We Built a World Cup Prediction Model — Then Backtested It on 2022

Fit on the group stage, simulated through the bracket 20,000 times. What it got right about 2022, what it couldn't, and what it cautiously says about 2026.

Anyone can publish World Cup odds. The honest question is whether the model behind them actually works — so we built one in the open and tested it against a tournament we already know the answer to. We fit a Poisson attack-and-defence rating on only the 2022 group stage, then simulated the real 16-team knockout bracket 20,000 times and read off each side's pre-knockout title odds.

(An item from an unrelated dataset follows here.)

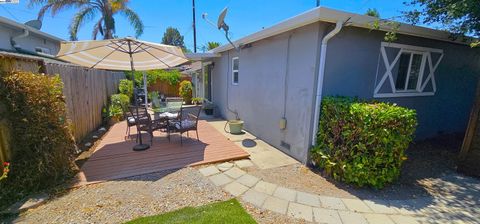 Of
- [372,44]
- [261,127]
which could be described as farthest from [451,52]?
[261,127]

The result is both reassuring and humbling: the model's top tier contained the eventual champion and two of the four semifinalists — but no team cleared 15%, and the actual winner, Argentina, was only its fifth pick. That spread is the finding. A good model doesn't tell you who wins; it tells you how wide open the thing really is.

Sourcing & honesty. The 2022 backtest is fit on real group-stage scores from StatsBomb open data; the knockout bracket is the public draw, and every knockout outcome is simulated by the model, never read from the real results. The 2026 section uses the 44 completed matches from ESPN's public feed and is labelled, loudly, as an early-form snapshot — not a forecast. No 2026 result is invented, and no odds are placed on unplayed fixtures.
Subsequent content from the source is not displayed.